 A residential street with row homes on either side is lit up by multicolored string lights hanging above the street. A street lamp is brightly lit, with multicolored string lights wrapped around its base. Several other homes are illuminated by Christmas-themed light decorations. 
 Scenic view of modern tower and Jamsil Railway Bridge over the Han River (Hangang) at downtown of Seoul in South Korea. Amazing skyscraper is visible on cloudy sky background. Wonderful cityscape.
...
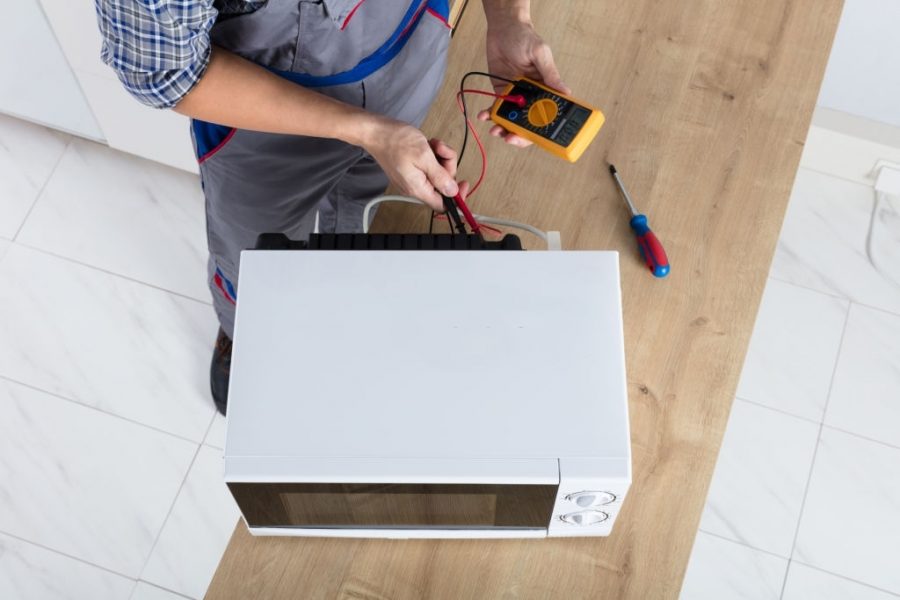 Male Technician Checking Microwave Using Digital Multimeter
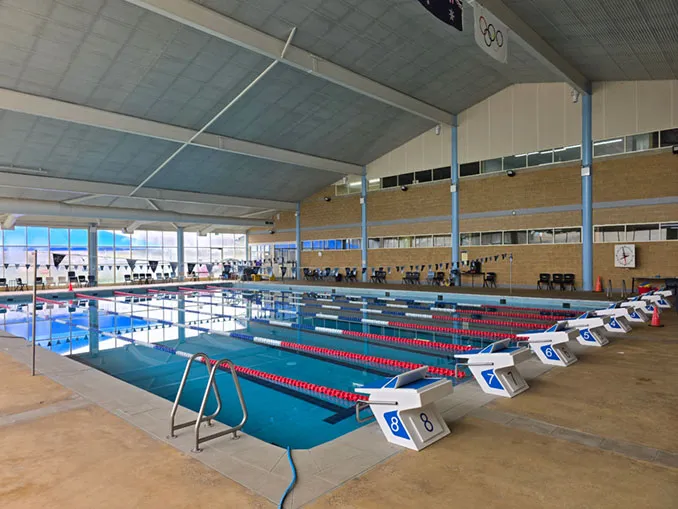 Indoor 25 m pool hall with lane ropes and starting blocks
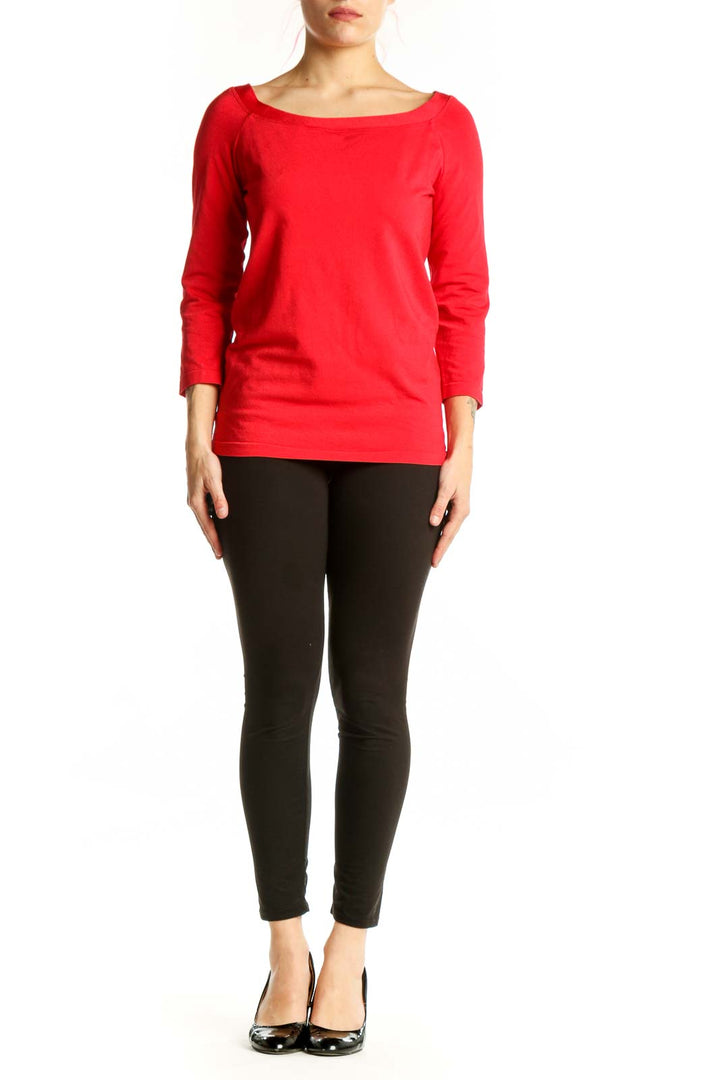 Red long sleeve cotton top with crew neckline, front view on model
---
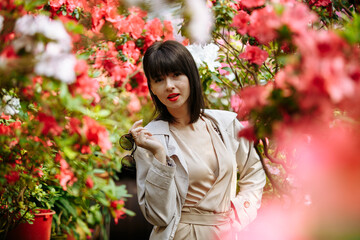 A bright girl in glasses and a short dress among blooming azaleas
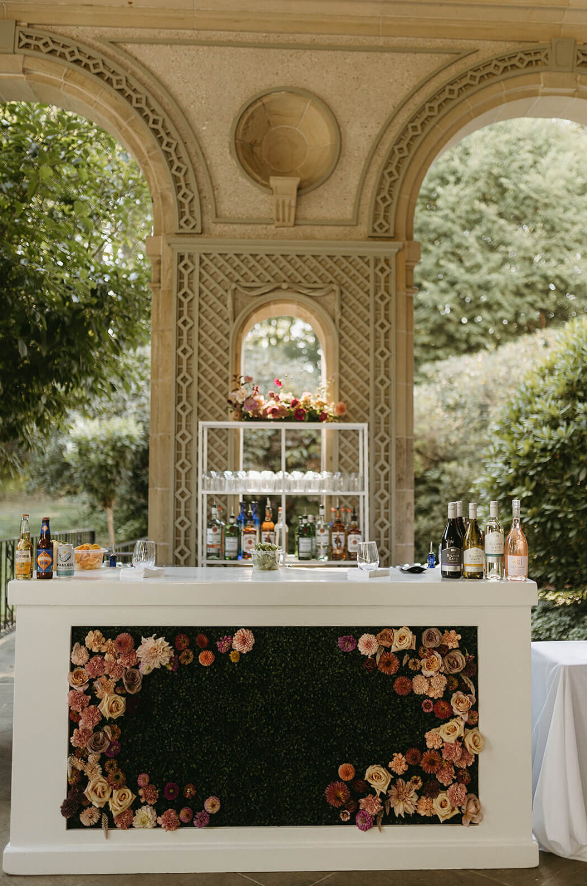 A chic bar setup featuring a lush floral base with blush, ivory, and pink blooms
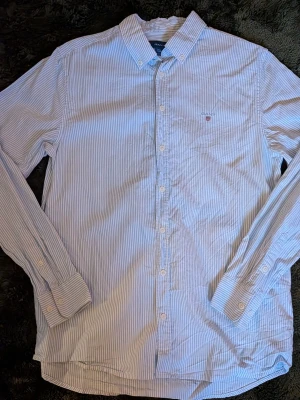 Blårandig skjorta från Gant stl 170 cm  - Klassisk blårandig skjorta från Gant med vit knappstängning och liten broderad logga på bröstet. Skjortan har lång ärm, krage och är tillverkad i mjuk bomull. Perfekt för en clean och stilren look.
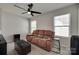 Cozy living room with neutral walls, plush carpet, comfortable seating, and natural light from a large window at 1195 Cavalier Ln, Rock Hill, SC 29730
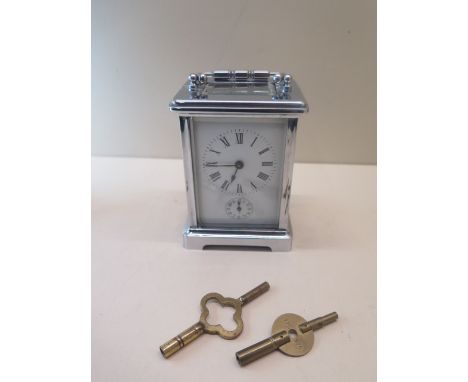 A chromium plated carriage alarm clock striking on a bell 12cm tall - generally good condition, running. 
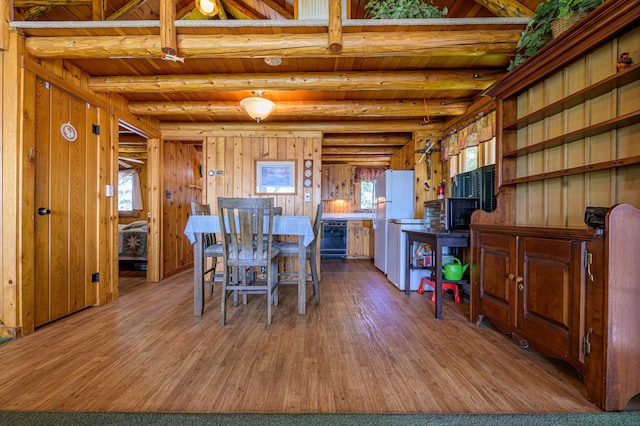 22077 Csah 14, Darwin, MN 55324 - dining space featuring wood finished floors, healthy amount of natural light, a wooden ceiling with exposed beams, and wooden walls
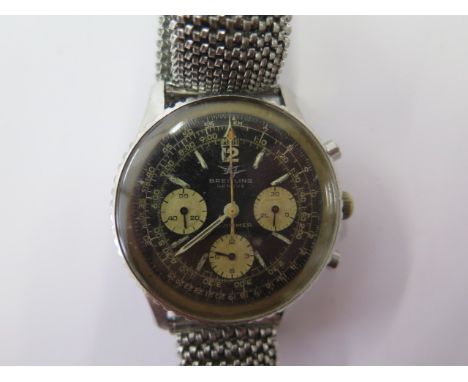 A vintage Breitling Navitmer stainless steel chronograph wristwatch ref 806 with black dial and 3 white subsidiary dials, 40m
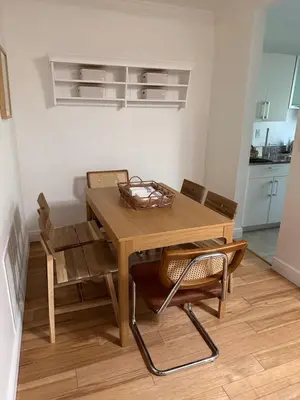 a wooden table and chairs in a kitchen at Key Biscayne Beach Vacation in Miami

**Exercise goal**
Return exactly the part of the listing above that opens with the line containing "Indoor 25 m" and closes with the line containing "Red long sleeve". Pictures stay out.

**Exercise result**
 Indoor 25 m pool hall with lane ropes and starting blocks
 Red long sleeve cotton top with crew neckline, front view on model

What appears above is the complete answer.